3 mindfulness tips to boost focus at work
Super busy, forever being interrupted by streams of emails, phone calls and messages? Feel like your brain is pinging with a zillion thoughts and to-do lists?
It’s a familiar complaint. The problem with this wonderful technology-filled world of ours is that we’re surrounded by an ever-increasing number of devices and people demanding more and more of our attention. It is important to remember that our brains evolved to take in information and problem-solve it, essentially to keep us alive. This means, not matter how full of information it is, our brain will be hungry to take in more and more. The cost of all this is that our attention is being fractured into tinier and tinier pieces. And this makes it pretty hard to simply focus. When was the last time you truly focussed on just one task/email/conversation at a time? We thought so. The research tells us that multitasking just doesn’t work, we take longer to do things and it stresses us out. This is making it harder and harder for us to be the effective, efficient beings we all aspire to be.

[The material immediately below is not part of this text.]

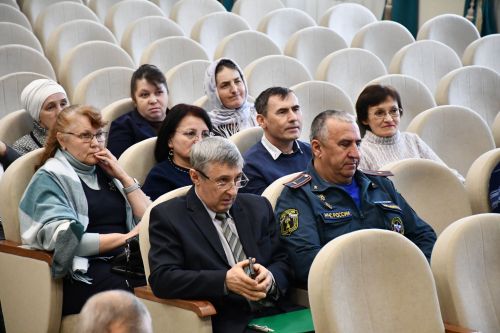 Ачасыр авыл җирлегендә хисап сессиясе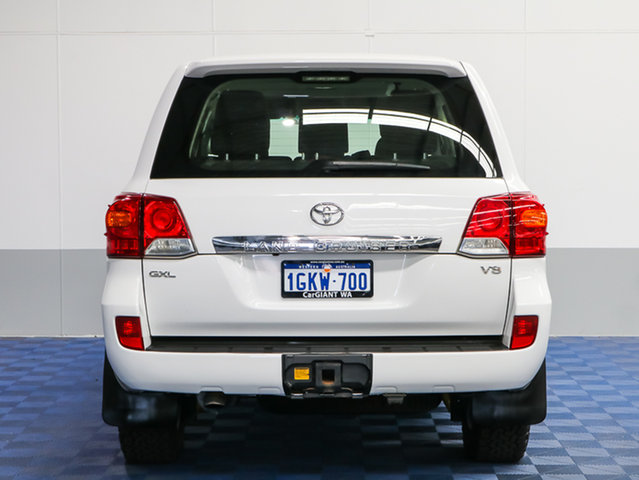 2012 TOYOTA LANDCRUISER VDJ200R MY12 GXL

But there is an answer! Mindfulness has become a go-to fix to help us manage our increasingly busy lives and the good news is that the science backs up the trend. Research has shown how mindfulness practice can change areas of the brain associated with improved cognitive functioning and the ability to regulate emotions.
In one study, after only 11 hours of mindfulness practice, structural changes were observed in participants’ brains around the anterior cingulate cortex, a part of the brain involved in monitoring our focus and self-control. Something we could all do with a bit more of.
The idea of mindfulness is to focus your attention in a particular way (on purpose, with openness), zooming in on your present moment experience, wherever you are, whatever you may be doing. The more you do this, the more you train your mind in staying present and increase the likelihood of not being pulled off task by a million and one inevitable distractions. And you can practise it anytime, anywhere – at your desk, on your commute, eating your favourite sandwich…
Here are a few mindfulness exercises you can try whenever your mind is in overdrive that will help you focus your attention. Take a minute out to practise them and, when you return to the task in hand, you’ll find it easier to focus, we promise!
Take a minute to SLOW down
S Stop whatever you are doing and bring your awareness to your breathing.
L Let thoughts, opinions, judgements and urges be.
O Open up your heart, body and mind to what you are feeling.
W Where is most important for you to put your attention right now?
Anchor yourself in the present moment and connect with your breathing
Drop into noticing your breath right here, right now. No need to change your breathing in any way. Just notice it, its natural rhythm and sensations. Notice the sensation of cool air at your nostrils as you breathe in and slightly warmer breath as you breathe out. There it is – your breath, with its natural rhythm and sensations, in this moment. Ride the waves of your breathing with your full attention. No matter how many times your attention may wander from your breath, just gently guide your attention back to noticing your breathing.
Take a few moments to get some clarity
Imagine you are standing at the side of a busy road and that your thoughts are all cars whizzing past. For a few minutes try to notice the cars going by. If at any moment you become lost in your thoughts, come back to the side of the road again observing the cars (thoughts) go by. No need to push your thoughts away, just allow them to come and go in their own good time.
Like any skill, mindfulness takes regular practice. Try playing around with these practices and over time you too can reap the many rewards that mindfulness has to offer.